PALESE E OCCULTO TRA PORZÛS E GLADIO
di FRANCO JURI
Che la storia e, di conseguenza, la storiografia siano un magma in perpetua ebollizione, sul quale non possono esisterci “comfort zone” garantite dalla politica, ce lo ricordano le intense 1084 pagine del libro di Alessandra Kersevan Porzûs 1945-Prove di Gladio sul confine orientale, uscito lo scorso anno per Kappa Vu, la casa editrice udinese che da tempo offre spazio a chi indaga, spesso controcorrente, sulla storia di queste complesse terre multietniche e multilingui. La mole del libro si comprende, considerando che l’autrice ha dedicato a questo lavoro 30 anni di minuziosa ricerca, documentazione, verifiche, intersezioni e confronti dei dati e delle testimonianze, nonché inediti approfondimenti, seguiti al suo primo libro del 1995 sui tragici fatti di Porzûs avvenuti in seno alla Resistenza friulana garibaldino-osovana nel febbraio 1945 e che costarono la vita a 17 partigiani delle brigate Osoppo.
Ricapitolando; quella tragedia di portata nazionale e persino internazionale ha, sin dalla fine della guerra e dei vari processi agli esecutori e presunti mandanti dell’eccidio negli anni 50, in piena guerra fredda e sotto forte condizionamento politico, una verità che potremmo definire istituzionale, “giornoricordista” e quindi intoccabile, ripetuta per decenni da diversi storici, scrittori, giornalisti, politici e registi cinematografici che se ne sono occupati. Tale verità, ricorroborata di recente dal libro Sangue sulla Resistenza del docente di storia presso l’ Università di Udine Tommaso Piffer, uscito poco prima dell’opera di Alessandra Kersevan, mantiene la seguente narrazione: il 7 febbraio del 1945 un commando dei GAP ( Gruppi di azione patriottica, dipendenti dalle brigate Garibaldi e dal PCI friulano) comandato da Mario Toffanin-Giacca, attacca a tradimento un presidio di partigiani osovani nelle malghe di Topli Uorch, non lontano dal villaggio di Porzûs, sopra Attimis.

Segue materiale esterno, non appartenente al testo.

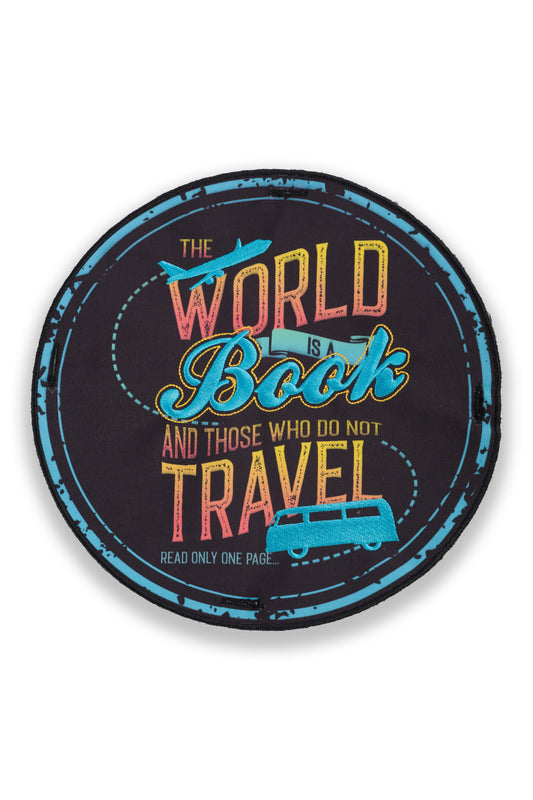 "World is a Book" Large Badge for the back of T-Shirt and Hoodie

I gappisti uccidono, dopo un processo sommario, quattro persone e ne feriscono una in fuga. Tra i fucilati osovani ci sono il comandante Francesco De Gregori “Bolla”, Gastone Valente “Enea” ed Elda Turchetti, segnalata come spia nazista da Radio Londra, ma da prigioniera, diventata alle malghe osovana con il nome di battaglia “Livia”. Aldo Bricco “Centina” riesce a fuggire ferito e poi a salvarsi curato in un ospedale partigiano sloveno, invece un giovanissimo garibaldino, Giovanni Comin “Tigre”, giunto alle malghe da solo, viene ucciso dagli stessi garibaldini, mentre nella confusione creatasi, tenta la fuga. Il resto degli osovani, tra cui spicca il nome di Guidalberto Pasolini, fratello di Pier Paolo, viene portato a valle, in zona Bosco Romagno, dove nei giorni successivi verranno anch’essi uccisi in circostanze mai del tutto appurate.

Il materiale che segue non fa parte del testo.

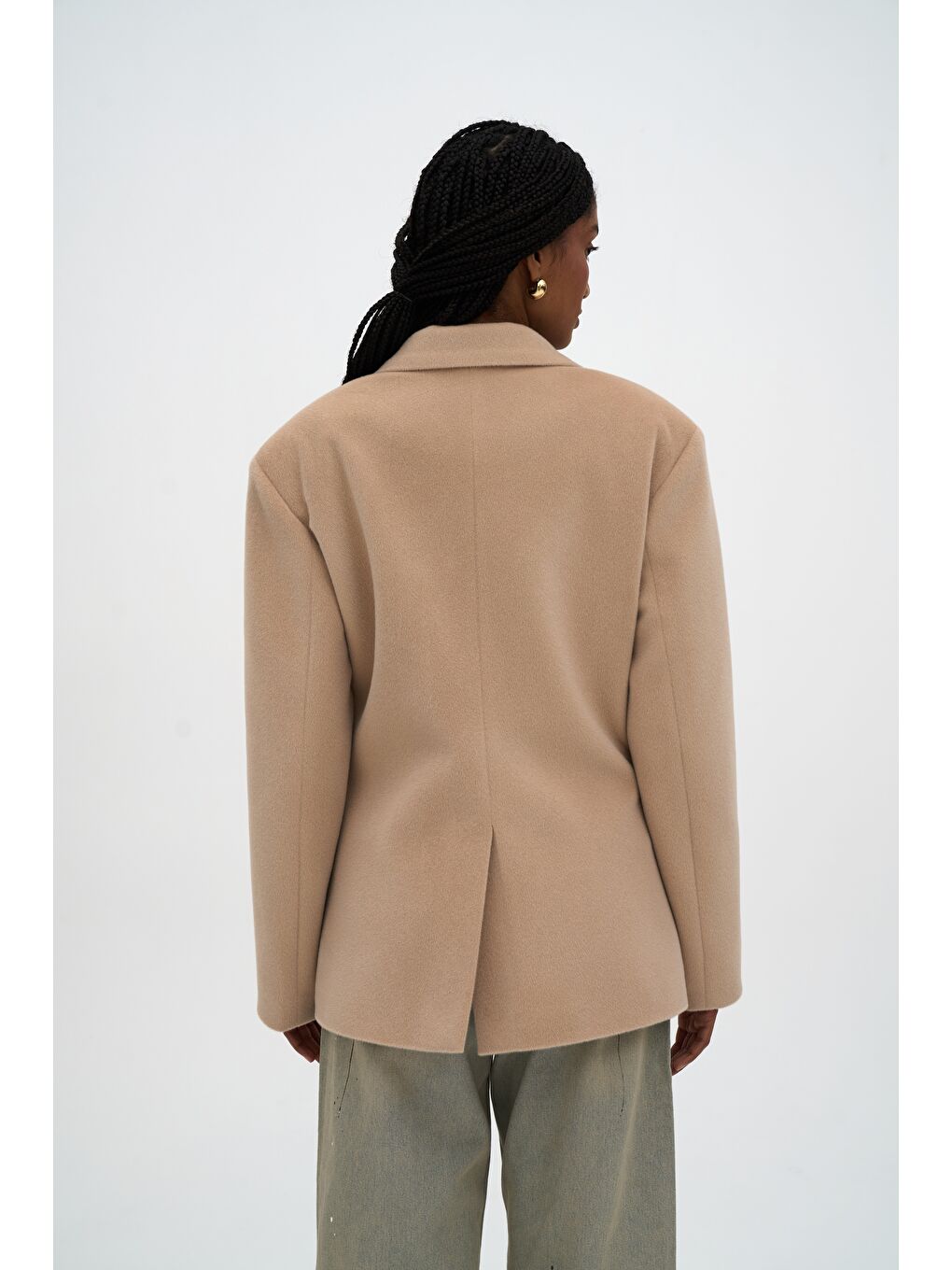 Kaela Bel Oturmalı Bej Blazer-4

La narrazione ufficiale cristallizzatasi nel dopoguerra, anche come prezzo per un riciclo nazionale e riconciliativo dei più alti esponenti del dismesso PCI, ci presenta l’azione quale conseguenza di ordini ben precisi del locale Partito comunista, della Divisione Garibaldi Natisone, operante allora oltre Isonzo, nella Selva di Tarnova (Trnovski gozd) al comando del IX Korpus sloveno, e quindi dell’esercito partigiano sloveno/jugoslavo. Anche se nei processi ai gappisti venne a cadere l’accusa di alto tradimento alla patria, per la collaborazione della Garibaldi con la resistenza slovena, pur rerstando però le responsabilità dei comunisti, la storiografia ufficiale, ultima quella di Piffer, insiste sui mandanti sloveni, di cui Giacca, tramite la dirigenza del PCI friulano, sarebbe stato un ligio e crudele esecutore. In merito Piffer pubblica una lettera del comandante sloveno Julij Beltram in cui sostiene, nominando anche Bolla, che i presunti traditori osovani andrebbero liquidati. I tentativi della difesa di spiegare le ragioni dell’atto violento con fondati sospetti di collusione dei comandi dell’Osoppo con i fascisti della X Mas e i nazisti, mediata dal clero, per affrontare insieme il “pericolo slavo-comunista” nel Friuli orientale, vennero ignorati o comunque relativizzati al massimo ove non si potevano del tutto negare.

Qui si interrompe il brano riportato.